_Brief_:
Set down every entry exactly as given. Pictures are to be left out.

START Provided records

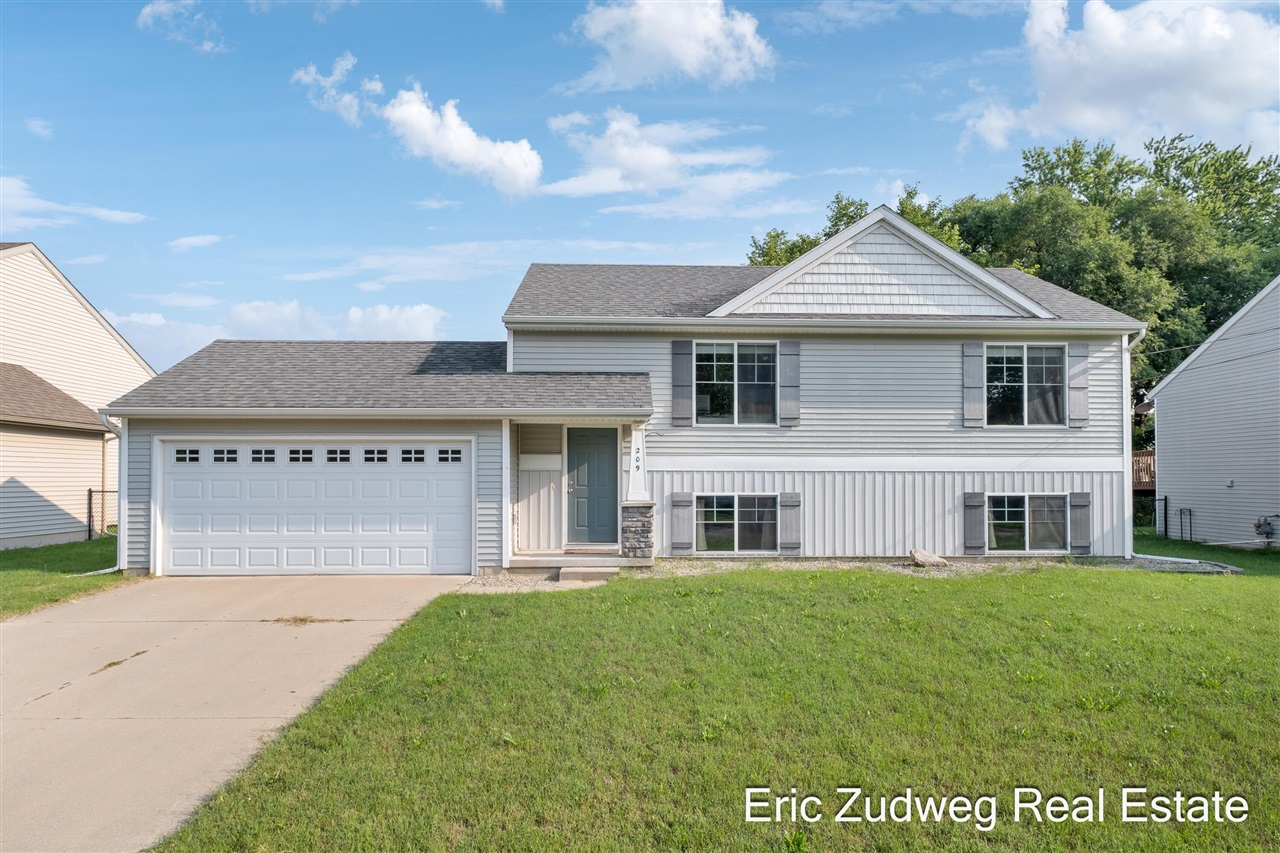 209 Grove Street Sparta Michigan United States, for Sale, residential, Demo Agent, InCom Real Estate - New Demo Office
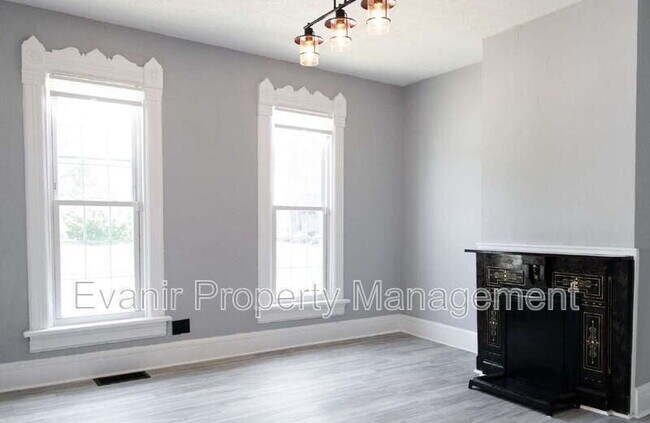 Building Photo - 305 Wyoming St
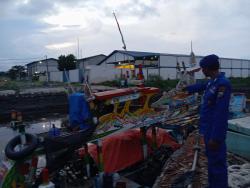 Melanggar Batas Wilayah Tangkap Ikan, Toga Kapal Bolga di Probolinggo Diamankan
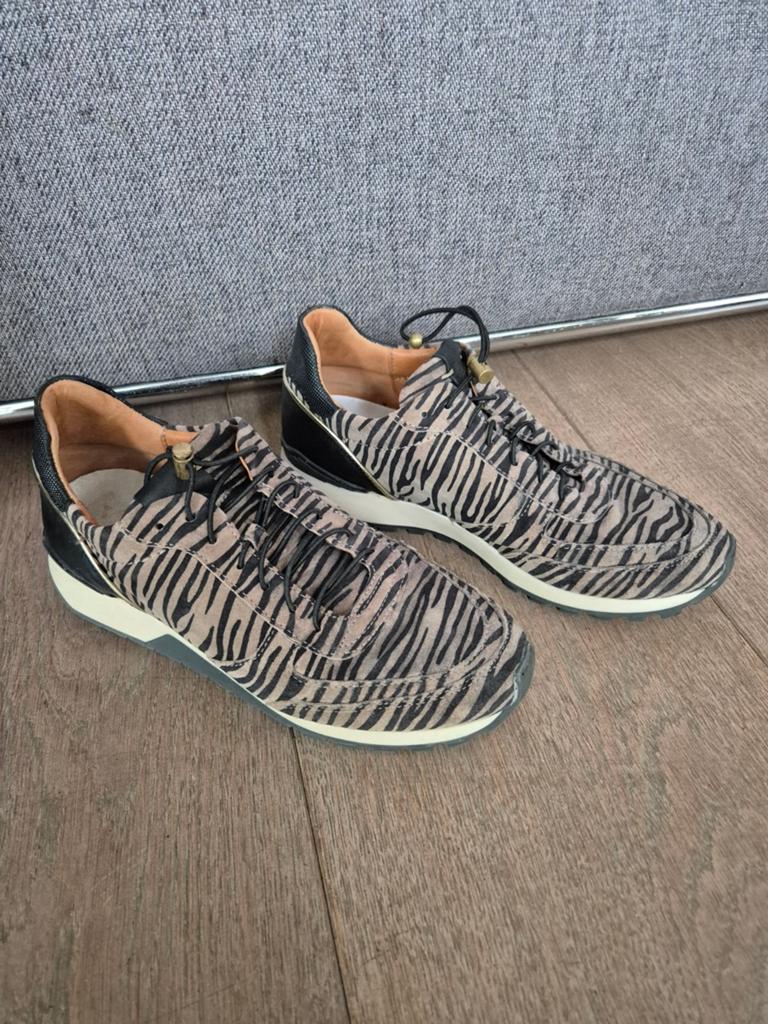 Via Vai schoenen maat 40, Ophalen of Verzenden, Zo goed als nieuw, Zwart, Sneakers of Gympen
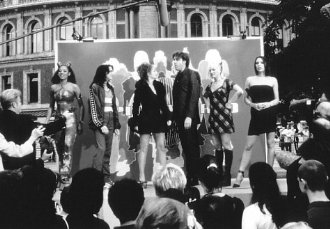 Фото - Джери Холливэлл: 330x229 / 25 Кб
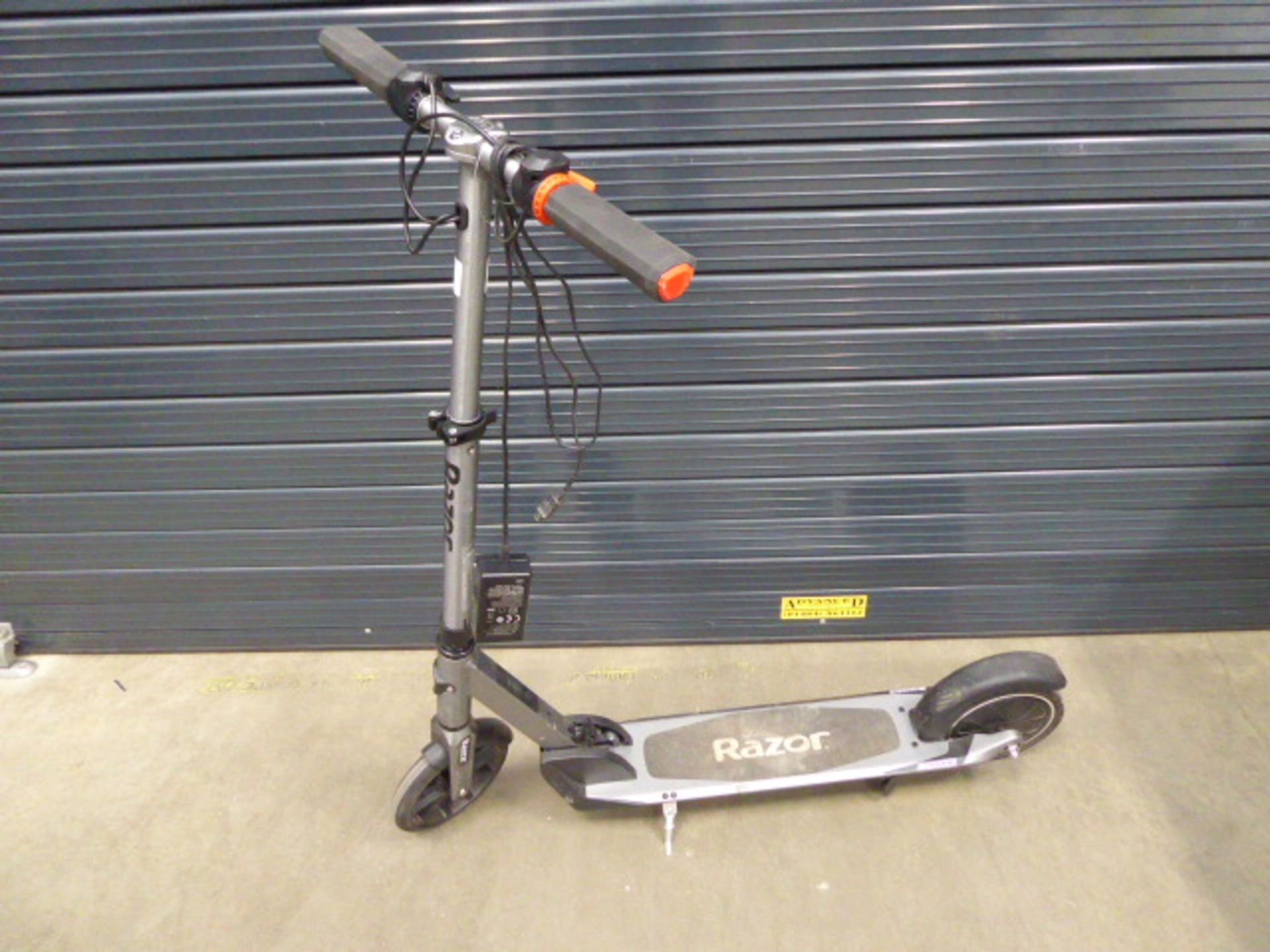 Razor electric scooter with charger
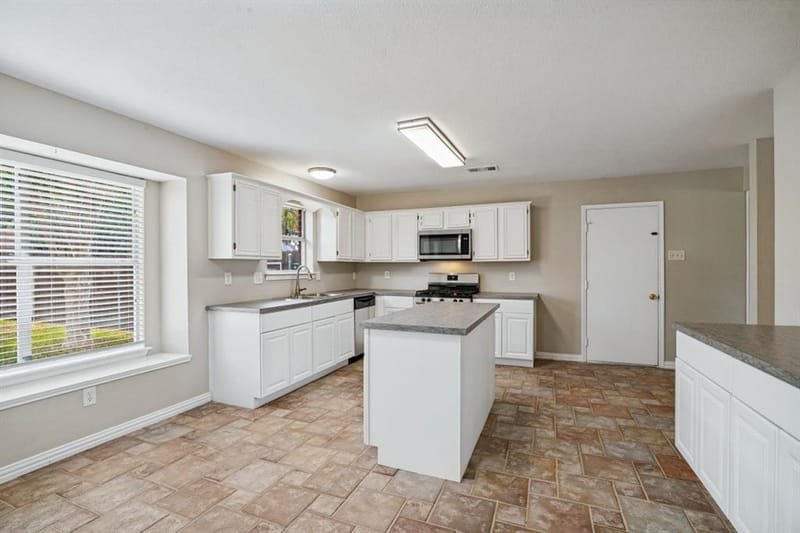 814 Foxwood Lane, Wylie TX 75098 - Photo 8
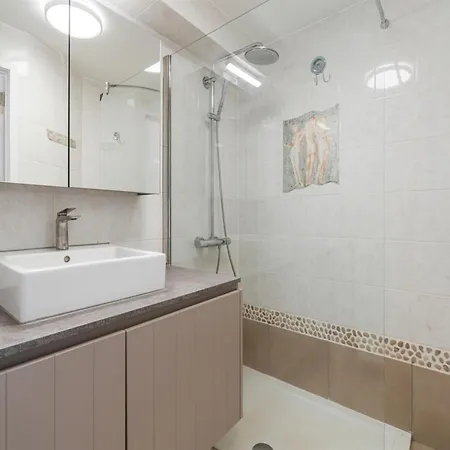Flat In Knokke With Pier And Sea Views ブランケンベルヘ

END Provided records

_Solution to the exercise_:
 209 Grove Street Sparta Michigan United States, for Sale, residential, Demo Agent, InCom Real Estate - New Demo Office
 Building Photo - 305 Wyoming St
 Melanggar Batas Wilayah Tangkap Ikan, Toga Kapal Bolga di Probolinggo Diamankan
 Via Vai schoenen maat 40, Ophalen of Verzenden, Zo goed als nieuw, Zwart, Sneakers of Gympen
 Фото - Джери Холливэлл: 330x229 / 25 Кб
 Razor electric scooter with charger
 814 Foxwood Lane, Wylie TX 75098 - Photo 8
Flat In Knokke With Pier And Sea Views ブランケンベルヘ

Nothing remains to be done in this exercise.